Transcribe every record as it stands and set the images aside.

[Records from a data source]
● ● ●

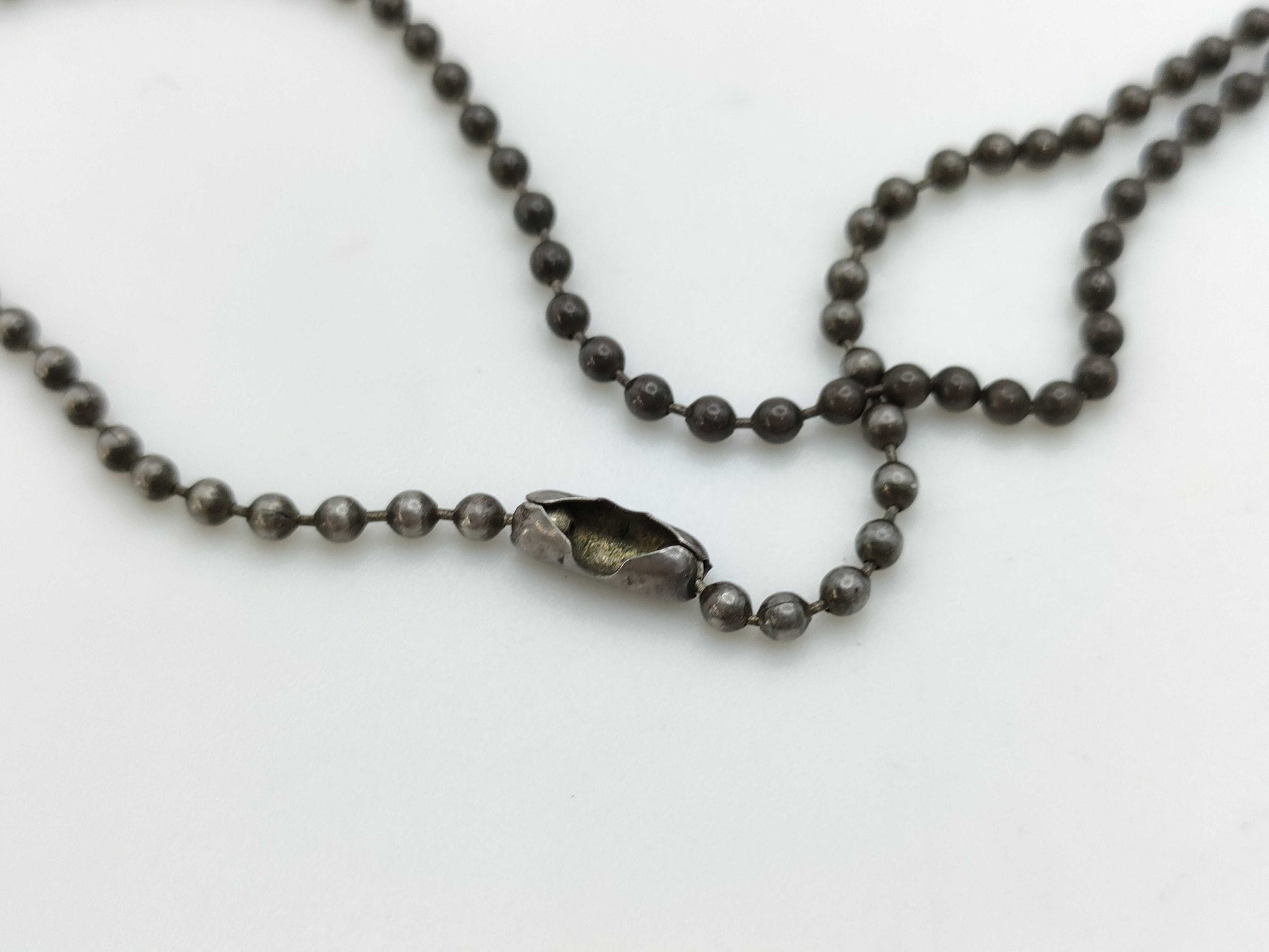 CHROME HEARTS 1 Ball Necklace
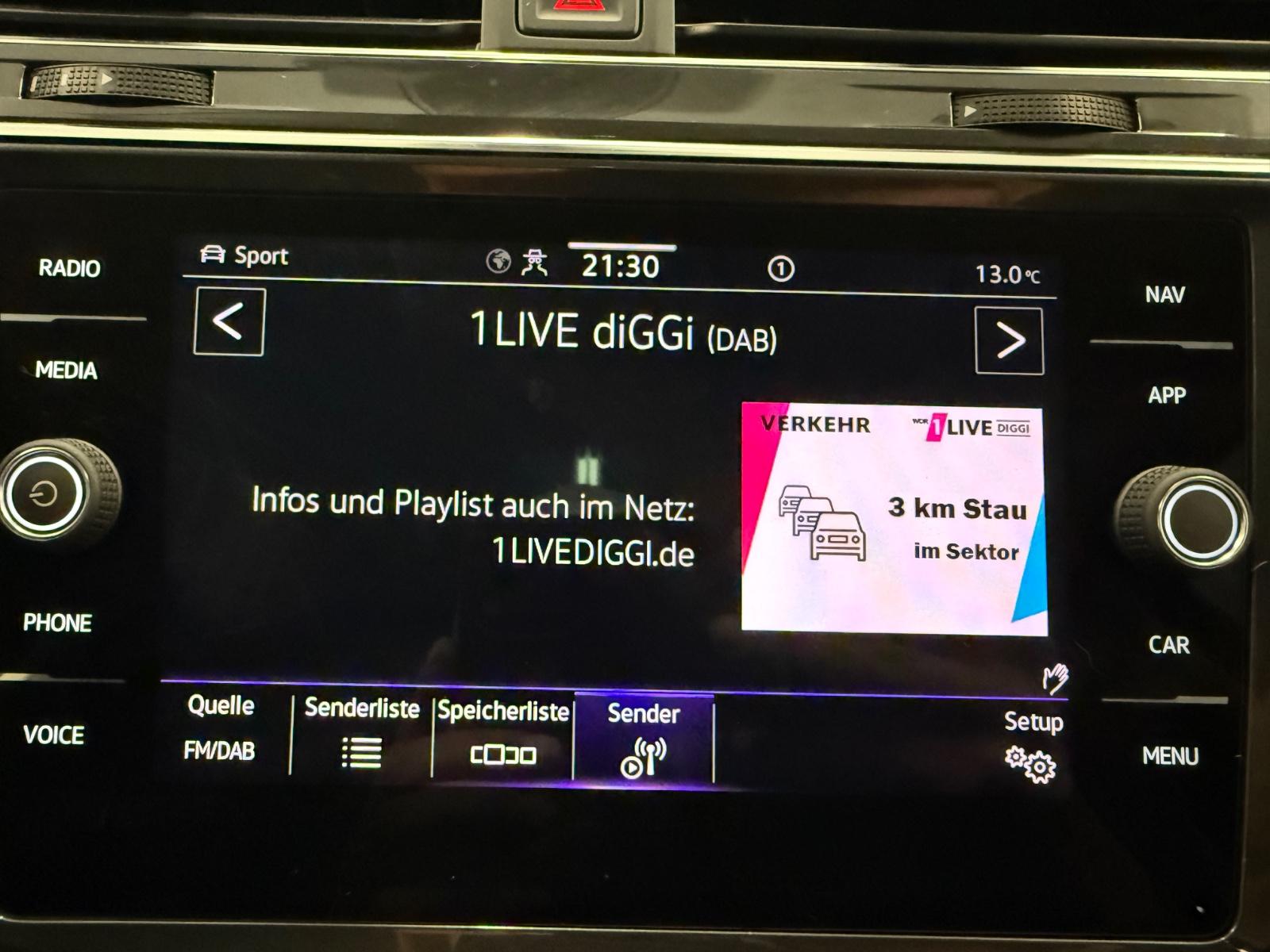 Volkswagen Tiguan 2.0 TSI Allspace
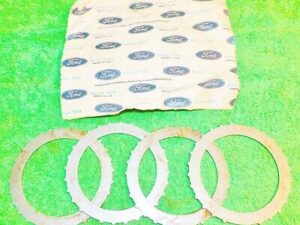 1964-1972 Mustang Galaxie Fairlane NOS C4 FORWARD CLUTCH EXTERNAL SPLINE PLATES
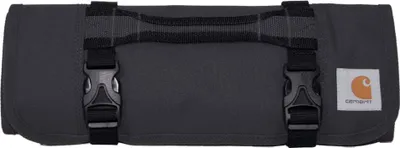 Produktbild von Carhartt 18 Pocket Utility Roll Werkzeugtasche (Black,One Size)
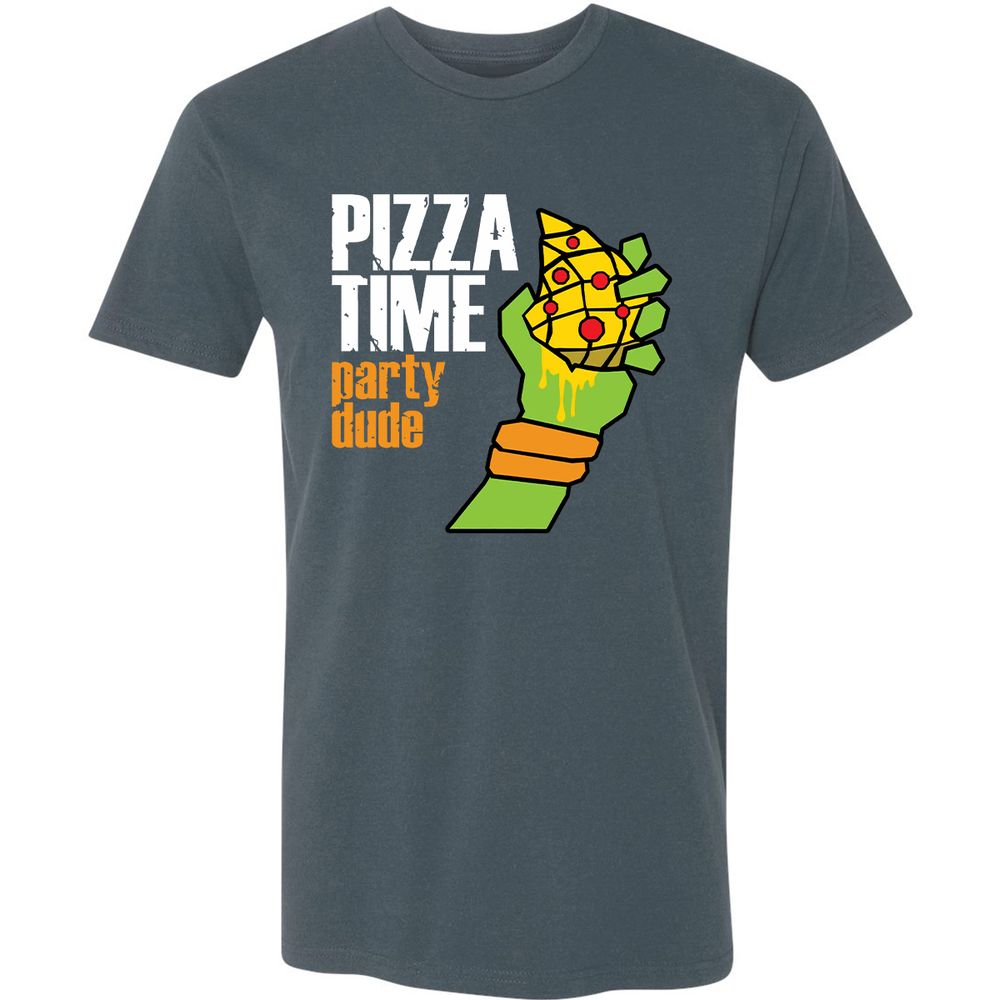 Premium Unisex T-Shirt - F99KBJBP - Indigo - 15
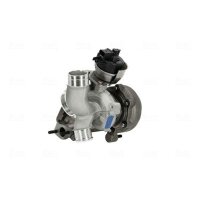 NISSENS 93466 Lader, Aufladung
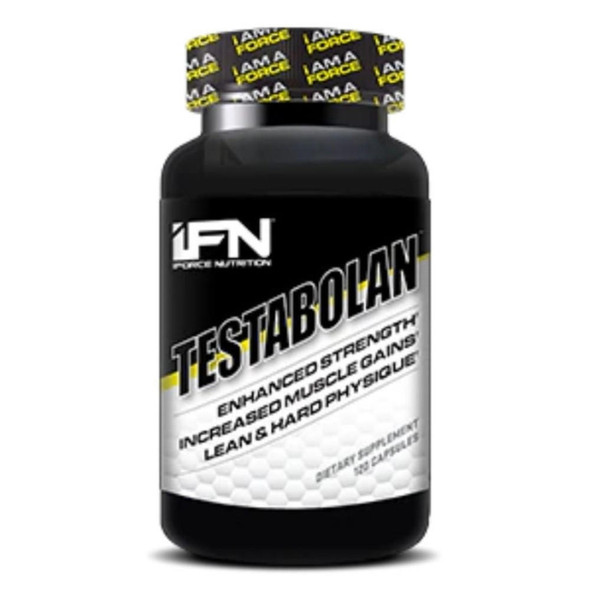 IFORCE iForce Testabolan 120 Capsules 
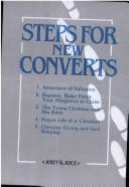 Steps for New Converts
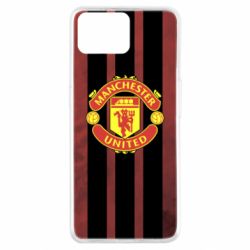 Чохол для Oppo A73Manchester United - PrintSalon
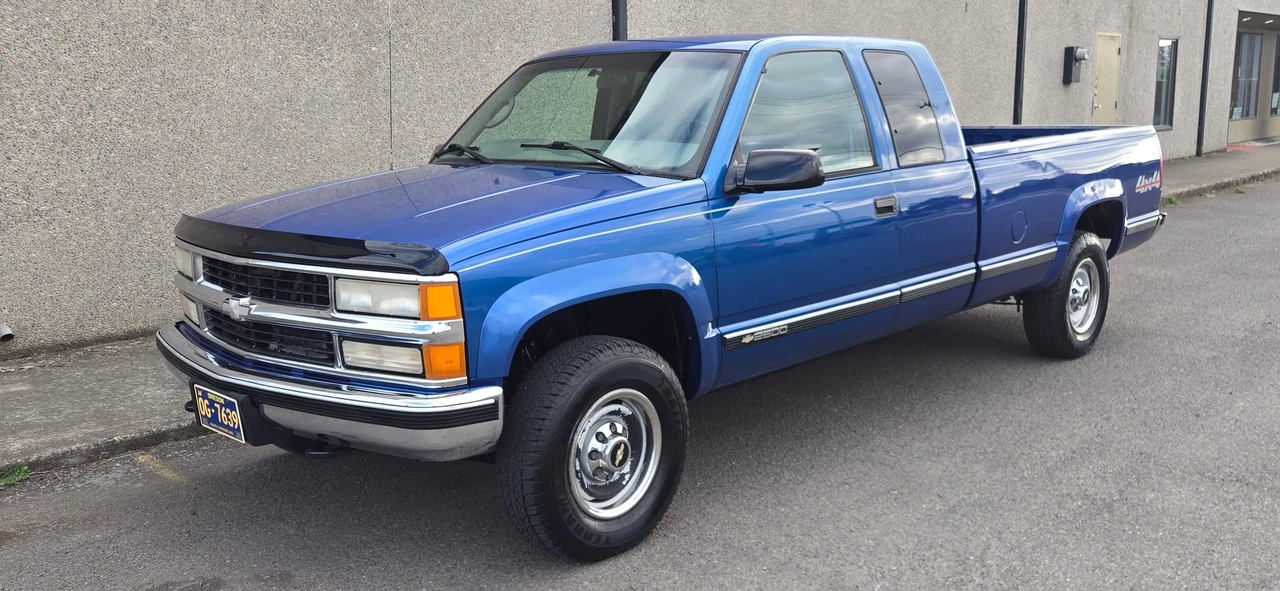 1997 Chevrolet C/K 4th Gen - Image 10 of 31
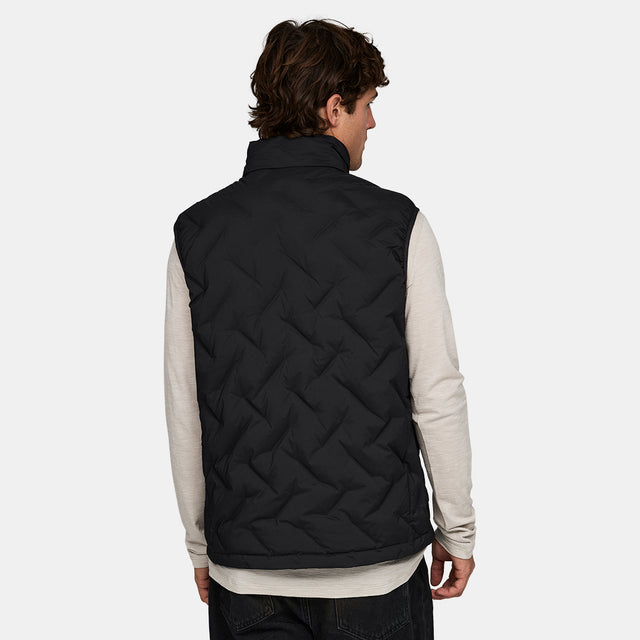 Mens Pramecou Down Vest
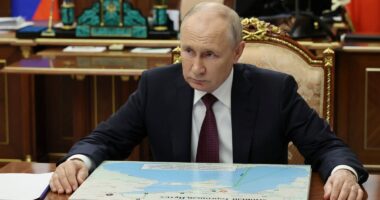 Володимир Путін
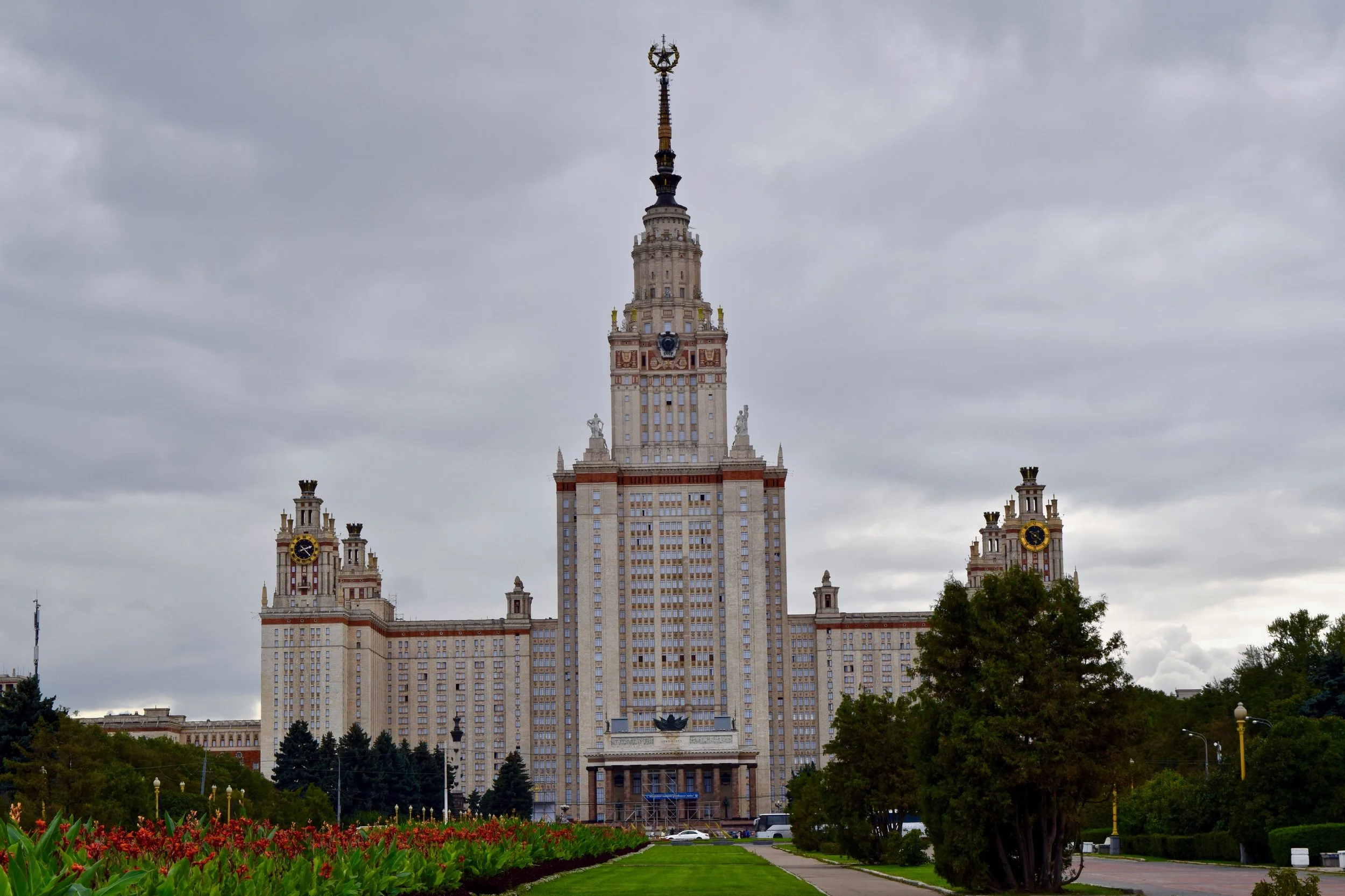 Moscow State University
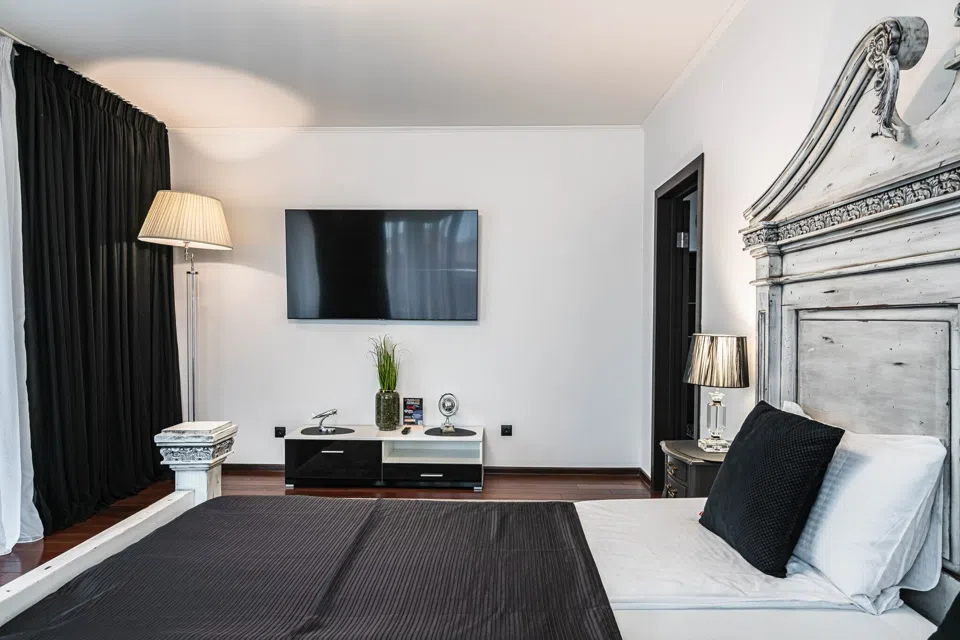 Апартаменты 2к N16, 5 этаж из 7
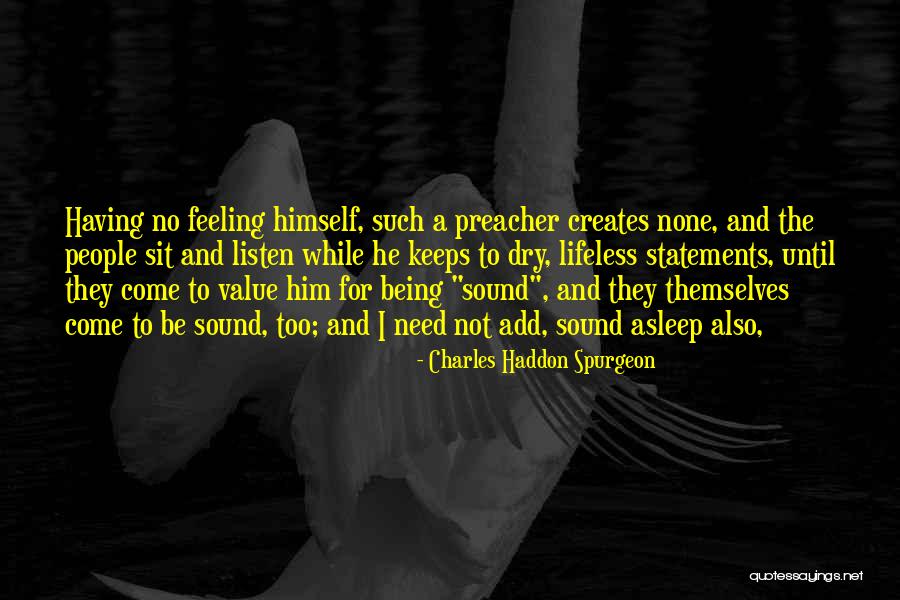 Daria Zaritskaya Quotes By Charles Haddon Spurgeon Daria Zaritskaya Quotes By Charles Haddon Spurgeon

● ● ●

#### [REPLY]
 CHROME HEARTS 1 Ball Necklace
 Volkswagen Tiguan 2.0 TSI Allspace
 1964-1972 Mustang Galaxie Fairlane NOS C4 FORWARD CLUTCH EXTERNAL SPLINE PLATES
 Produktbild von Carhartt 18 Pocket Utility Roll Werkzeugtasche (Black,One Size)
 Premium Unisex T-Shirt - F99KBJBP - Indigo - 15
 NISSENS 93466 Lader, Aufladung
 IFORCE iForce Testabolan 120 Capsules 
 Steps for New Converts
 Чохол для Oppo A73Manchester United - PrintSalon
 1997 Chevrolet C/K 4th Gen - Image 10 of 31
 Mens Pramecou Down Vest
 Володимир Путін
 Moscow State University
 Апартаменты 2к N16, 5 этаж из 7
 Daria Zaritskaya Quotes By Charles Haddon Spurgeon Daria Zaritskaya Quotes By Charles Haddon Spurgeon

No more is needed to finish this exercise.